FaceSwap Architecture

FaceSwap Architecture

FaceSwap Android client continously streams 640x480 images from the smartphone to the backend.

At backend, a three-tier hierarchy of face tracking, face detection, and OpenFace-based face recognition is employed. For each frame, once the face tracking result is available, bounding boxes and compressed pixels (JPEG) of all faces are then returned. Face detection and face recognition run outside of the critical path and opportunistically update trackers once their results become available.

From our experience, face detection and face recognition combined takes around 200ms while face tracking takes around 15ms. By using face tracking to mask long latencies of face detection and face recognition, we are able to achieve a higher frame rate.

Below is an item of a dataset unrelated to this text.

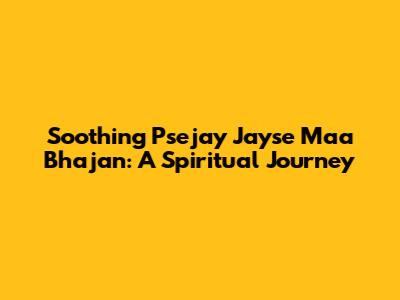 Soothing Psejay Jayse Maa Bhajan: A Spiritual Journey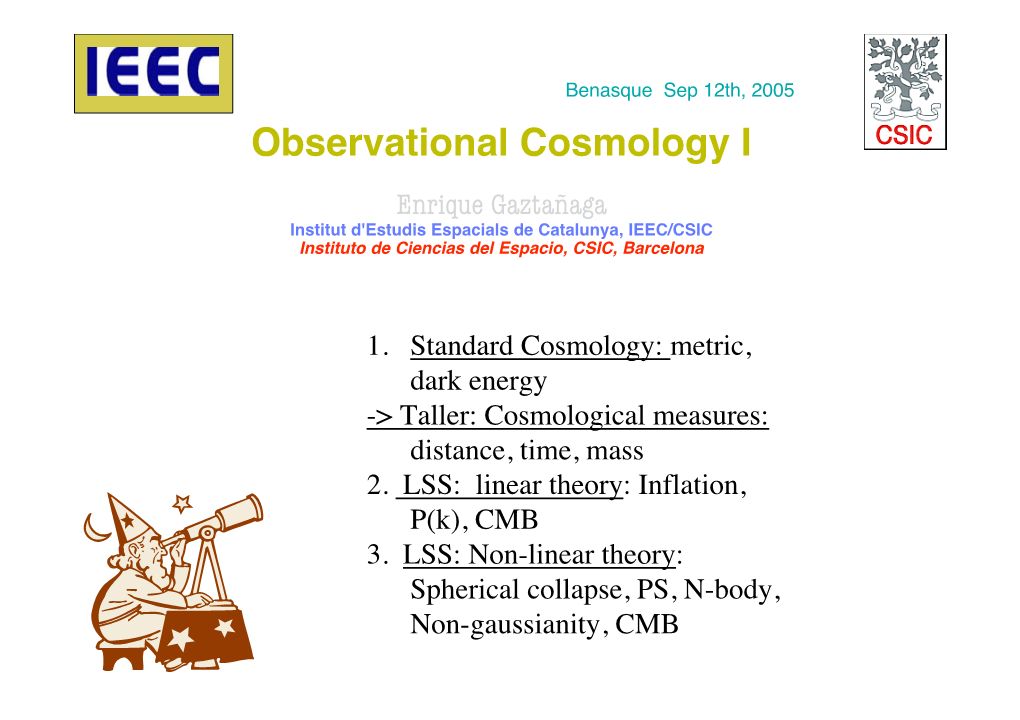 Observational Cosmology I Enrique Gaztañaga Institut D'estudis Espacials De Catalunya, IEEC/CSIC Instituto De Ciencias Del Espacio, CSIC, Barcelona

Offload Latency Comparision

latency

Here is a cumulative distribution function (CDF) graph of offload latencies when the offload site is a cloudlet or a cloud (Amazon EC2 Oregon). The offload latency is the sum of the network transmission time and server computation time.

Timing Breakdown

Timing Breakdown

Here is a timing breakdown that explains the difference between cloudlet offload latency and cloud offload latency. Though the cloud has a shorter computation time due to a more powerful virtual machine, the cloudlet greatly reduces network latency. Image compression and rendering on mobile devices consume the same amount of time for both cases, therefore not contributing to the latency difference.